* _DATA_:

....

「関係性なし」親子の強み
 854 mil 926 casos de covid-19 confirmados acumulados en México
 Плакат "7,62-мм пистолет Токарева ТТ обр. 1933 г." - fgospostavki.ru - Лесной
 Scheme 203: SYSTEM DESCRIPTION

....

* _WHAT THE TASK ASKS_: Whatever appears in the data above must be copied word for word.

* _RESPONSE BOX_:
「関係性なし」親子の強み
 854 mil 926 casos de covid-19 confirmados acumulados en México
 Плакат "7,62-мм пистолет Токарева ТТ обр. 1933 г." - fgospostavki.ru - Лесной
 Scheme 203: SYSTEM DESCRIPTION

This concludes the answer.